The availability of the NMF as a source of investment capital might also make it feasible to consider major tax reforms with respect to corporate profits and capital gains. Tax laws might be changed to encourage corporations to pay out more of their profits as dividends to stockholders rather than retaining them for investment purposes. If there were sufficient incentive for industries to finance most of their capital investments from external sources such as new stock issues, either on the private market or to the NMF, then all industries, big as well as small, would have a more equal opportunity to survive and prosper in a free-market economy. The effect of the NMF in decreasing the advantage of simply being big might have a greater effect in promoting competition and discouraging conglomerate mergers than all of the antitrust legislation and court litigation that the federal government could conceivably bring to bear. Furthermore, the antitrust anti-conglomerate effects of the NMF would be much less subject to corruption and political abuse than the present system of regulation by law. The NMF would combat the trend toward mergers by removing the economic incentives for bigness rather than by attempting to prevent by law what is now financially attractive for big companies to do.

The NMF, however, would not especially favor small businesses over large. The effect of the NMF would simply be to put all firms, big as well as small, on a more equal financial footing. The benefit in the long run would be neither to the biggest nor to the smallest, but to the most efficient and productive.

The fact that the NMF directors would be under considerable pressure to deliver high dividends to the stockholders would tend to cause NMF investments to be concentrated in industries where investment could be expected to earn high profits over the long run.
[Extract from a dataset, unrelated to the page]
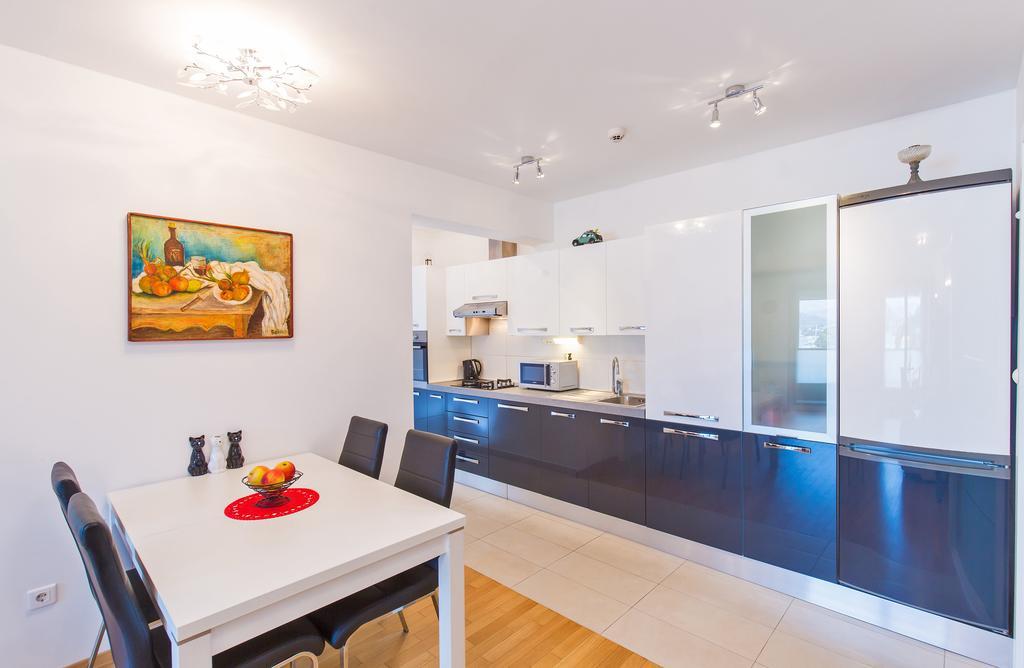 Bay View Apartment Fantastik ドゥブロブニク エクステリア 写真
NMF financing would thus be a powerful force for inducing all industries, big as well as small, to modernize their plants and production techniques. It would encourage innovation by two methods: first, by providing risk capital for promising new technologies, and second, by pursuing successful new developments with massive financing for rapid modernization of entire industries. The NMF would very likely invest in completely automatic factories, mines, and mills, that would result in enormous savings in labor costs. Income would not be lost to workers, but would instead be distributed through NMF public dividends rather than through wages.
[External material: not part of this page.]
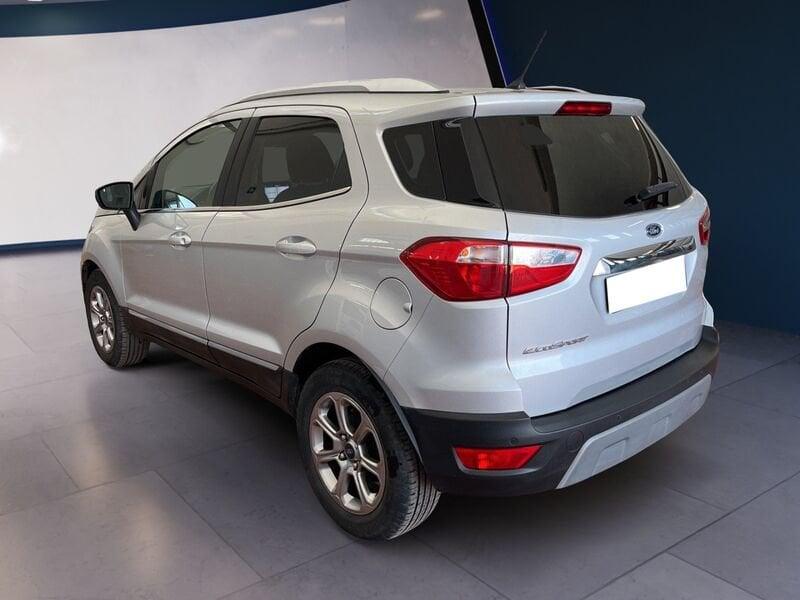 Ford EcoSport 2018 1.0 ecoboost Titanium s&s 125cv auto my19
In certain cases, the NMF directors might deem it necessary to finance supplemental worker retraining and/or compensation programs in order to make possible the introduction of major technological innovations affecting existing jobs. Such measures would be at the discretion of the NMF directors and would be set up through negotiations between the NMF, the companies, and the workers involved in each individual case. The use of such measures might make it possible to revolutionize entire industries such as the home construction industry so as to reduce the cost and improve the quality of newly constructed houses. Mass transit equipment and facilities might be made financially profitable and produced on a massive scale. New energy sources might be developed and exploited. Major new environmental protection industries might be started.

In summary, the profit motive working through the NMF would cause it to pursue policies that would be beneficial to the free enterprise system in many different ways. The NMF would encourage efficient management and effective performance in the market place. It would provide a readily available source of capital for investment purposes and would force the most efficient utilization of that capital. It would enhance competition between small and large industries and would foster extensive utilization of the most modern and efficient technological innovations. The net effect of the National Mutual Fund would thus be the revitalization of free-enterprise capitalism by making it work for the benefit of all in a post-industrial world.